[[ Material for this task, beginning ]]
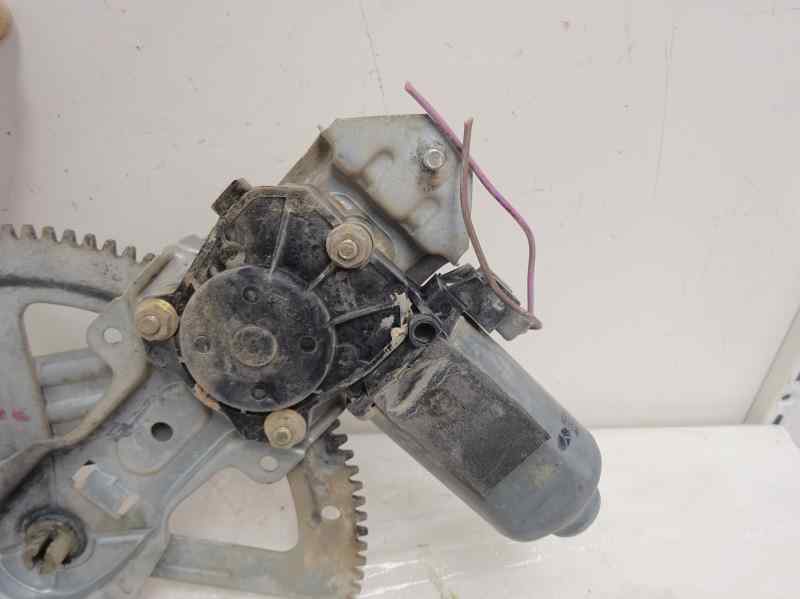 ELEVALUNAS DELANTERO DERECHO PEUGEOT 205 1.8 MT D 59CV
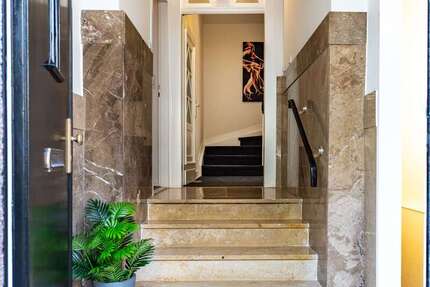 Haus zum Kaufen in Düsseldorf 2.990.000 € 323 m² 8 zimmer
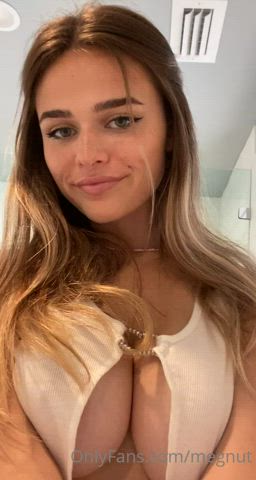 Hot babe in tight dresses : video clip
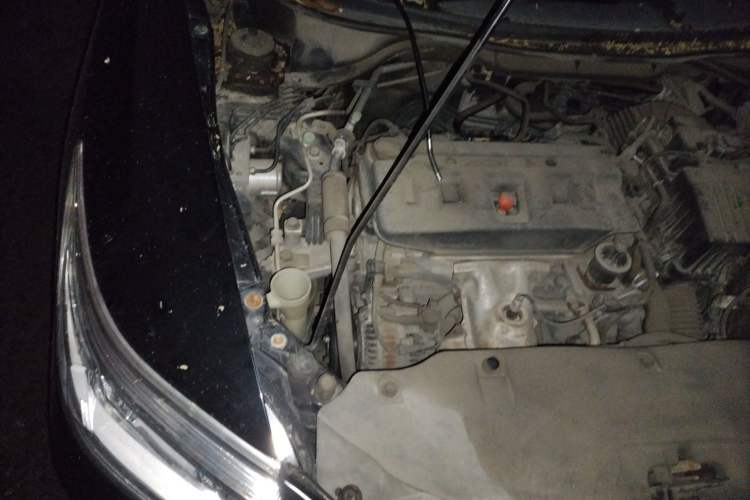 Used Honda Crider 2013 1.8L automatic luxury edition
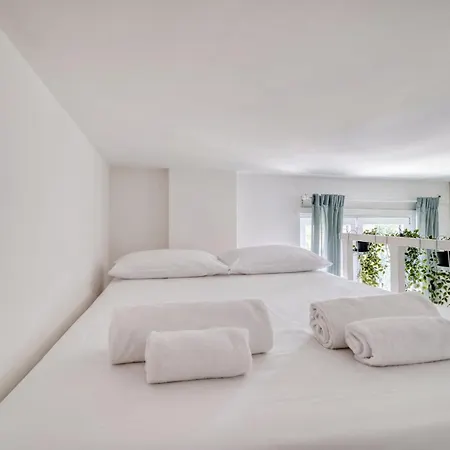 Design Con Soppalco 10' Dal Centro Apartmán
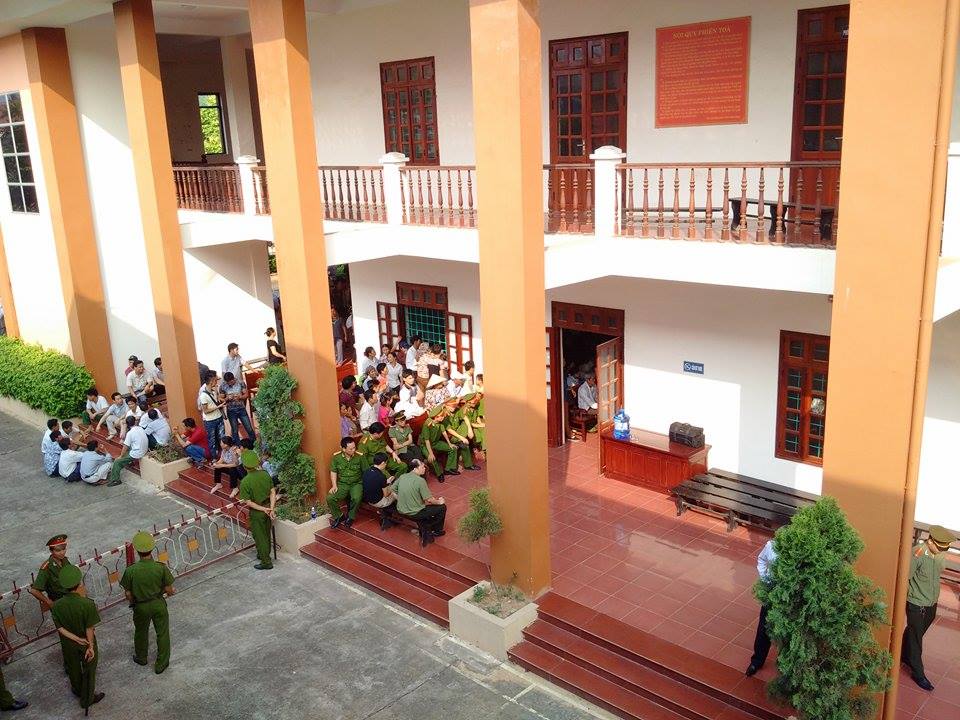 Đ&ocirc;ng đảo người d&acirc;n theo d&otilde;i phi&ecirc;n to&agrave;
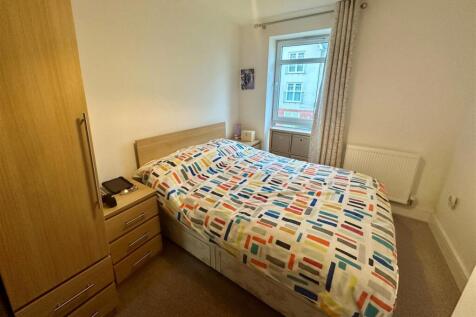 bed 1a.jpg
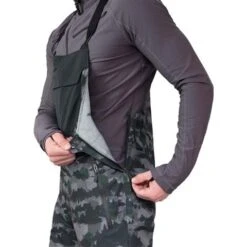 Obermeyer Men's Perseus Bib Pant -Ski Equipment fw23 obermeyer mensperseusbibpant ascent 4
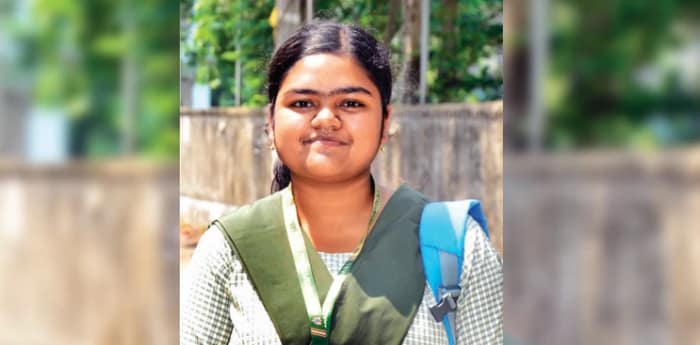 দিনে ৫ ঘণ্টা পড়াশোনা, ছাত্রীদের মধ্যে প্রথম স্থানে বিদিশা হালদার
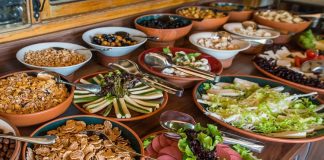 Açık büfe denildiğinde akla gelen ilk şey çeşitliliktir. Misafirler kahvaltıdan akşam yemeğine kadar birbirinden farklı onlarca seçeneği aynı anda görebilir.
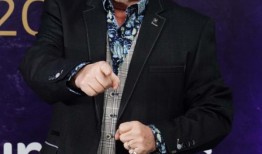 詹姆斯·威尔在新年授勋名单上公布了肾癌的最新进展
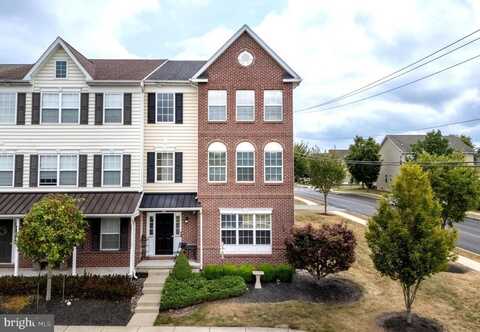 2005 MORGAN HILL DRIVE, PENNSBURG, PA 18073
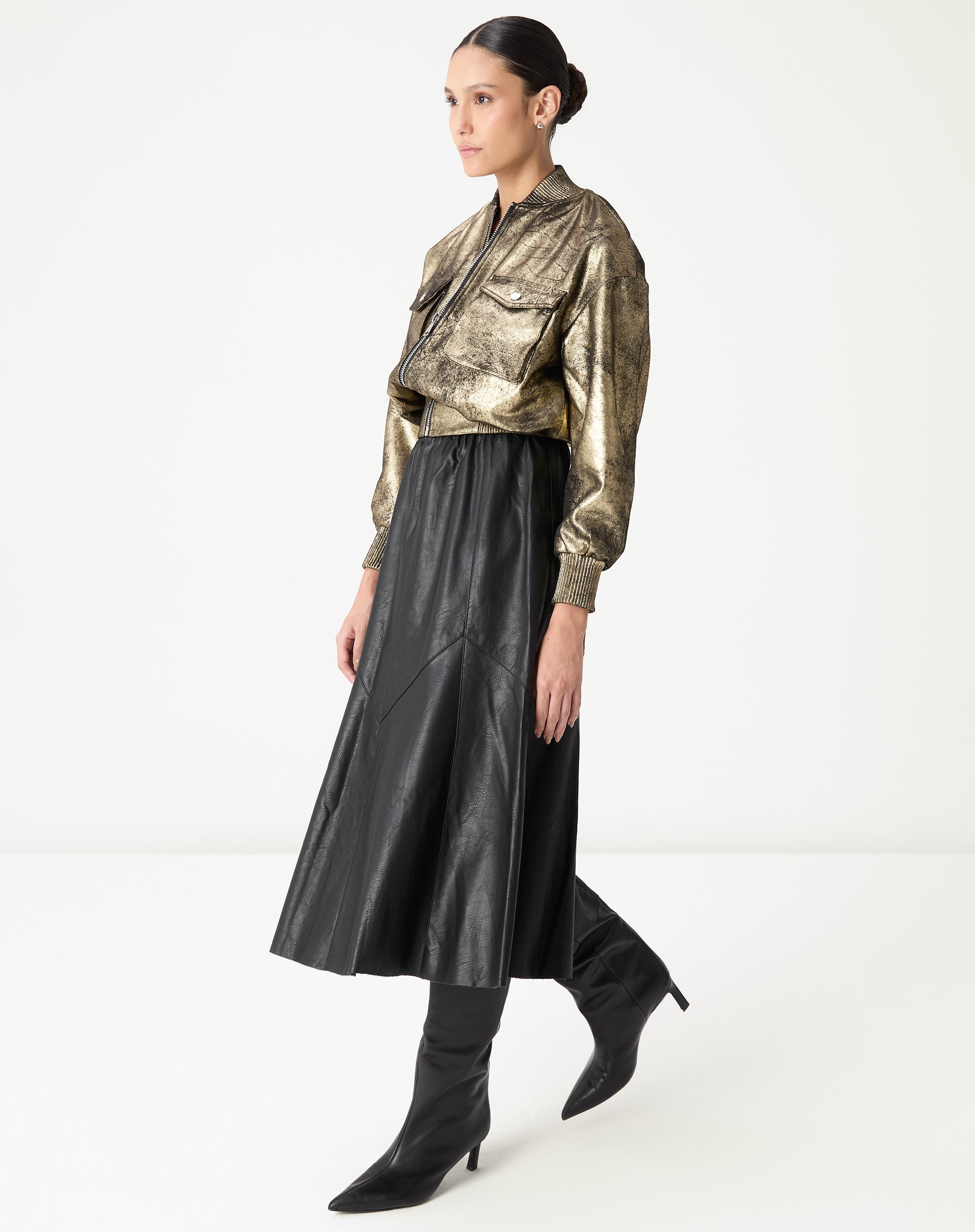 20005998_0002_saia-midi-statement-preto_2_a51ea44a-aad8-4287-9a36-28a74c05a1c0.jpg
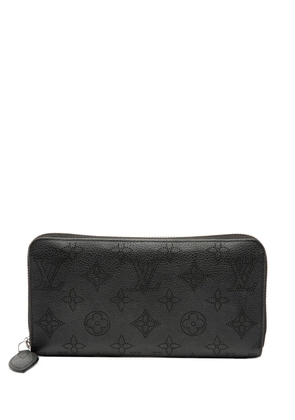 Louis Vuitton Pre-Owned 2021-2025 Monogram Mahina Zippy Wallet long wallets - Black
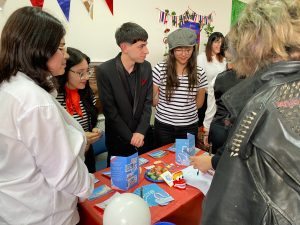 Estudiantes de Pedagogía en Inglés UPLA convierten su aula en una agencia de viajes
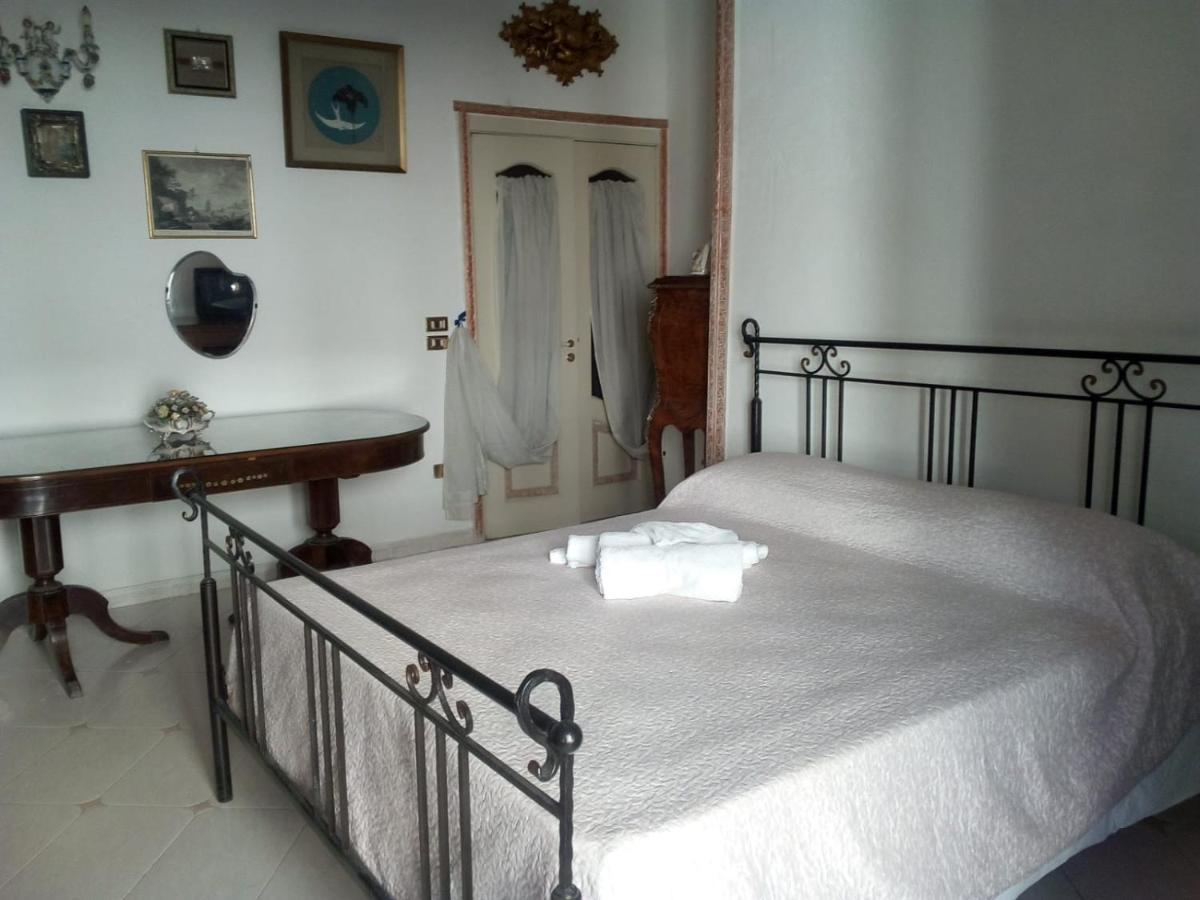 Gran Relais De Charme A.Rosbenmar Bed & Breakfast เนเปิลส์ ภายนอก รูปภาพ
[[ Material for this task, end ]]
* [Exercise brief] Your task is to retype, exactly and only, the lines from the line holding "Estudiantes de Pedagogía" through the final line of the data above, with both ends kept. Drop the pictures.

* [Reply to the task]
 Estudiantes de Pedagogía en Inglés UPLA convierten su aula en una agencia de viajes
 Gran Relais De Charme A.Rosbenmar Bed & Breakfast เนเปิลส์ ภายนอก รูปภาพ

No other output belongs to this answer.